Javier Pérez Bódalo analiza el conflicto entre Cabify, Uber y el sector del taxi, y el culpable de todo este problema, mostrando una solución al mismo en la que todas las partes salgan ganando.
Artículo del Instituto Juan de Mariana:
Hoy no venimos a analizar el ludismo mainstream, que culpa a las máquinas de quitar puestos de trabajo y destruir la calidad de vida de los obreros, cuando es palmario que la población mundial no hace más que aumentar, mejorando a cada día la calidad de vida del mundo entero. Para eso, otros antes que nosotros hicieron concienzudos análisis que son tremendamente útiles para entender estas cuestiones. Esta vez, es todo mucho más sencillo.

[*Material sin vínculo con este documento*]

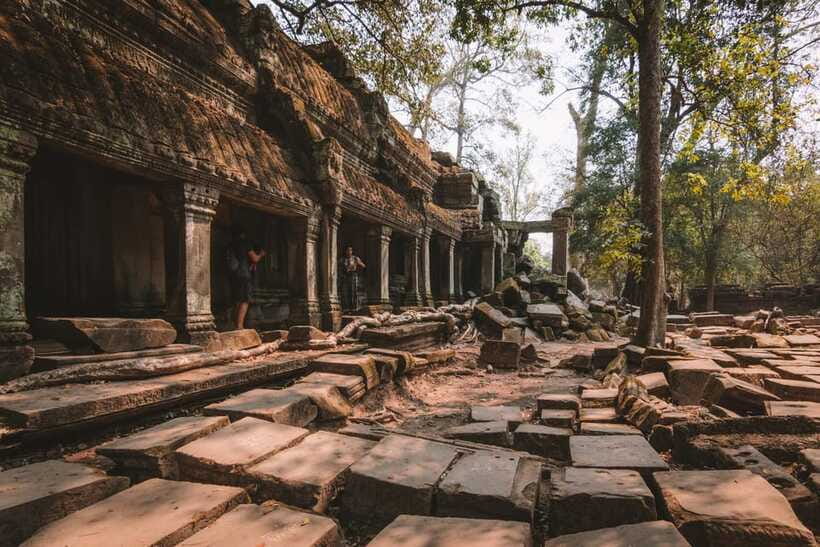 Siem Reap Sunrise Angkor Wat Temple Tour - Bayon brings the famous stone faces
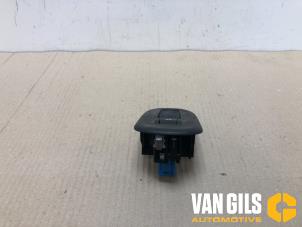 Gebruikte Ruit schakelaar elektrisch Renault Kangoo/Grand Kangoo (KW) 1.6 16V Prijs op aanvraag aangeboden door Van Gils Automotive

Hace escasos días, durante los fastos de la Feria de Sevilla, unos delincuentes no identificados prendieron fuego a nueve vehículos de la empresa Cabify. Este sistema, especialmente en grandes capitales y junto con otras empresas similares, está suponiendo verdaderos quebraderos de cabeza para políticos que tratan de mantener privilegios gremiales heredados de tiempos pretéritos, así como para sindicatos y asociaciones que necesitan asegurar sus cotas de poder. En ambos casos estamos ante individuos que, en sano ejercicio del libre mercado que critican, actúan en beneficio propio. Aunque ellos, contrariamente a nosotros, están dispuestos a utilizar todas las armas coactivas -estatales e incendiarias- que fuere menester.
No queremos, sin embargo, que suene esto a crítica a los taxistas. Sería pura hipocresía pretender que aquellos que pagaron elevadísimas tasas públicas o precios de reventa por sus licencias, que se ven sometidos a cuasi-mafias como las asociaciones de radio y que tienen horarios y cotas establecidas por decretos municipales, vieran con buenos ojos y abrazasen la llegada de sustitutos de su trabajo más baratos, cómodos y fáciles. No debemos caer en el absurdo de esperar que los taxistas -en la inmensa mayoría, autónomos honrados que cumplen con un oficio que hasta hace bien poco no conocía de enemigos- se hagan el hara-kiri en beneficio de los consumidores y perjuicio propio. No seamos ingenuos.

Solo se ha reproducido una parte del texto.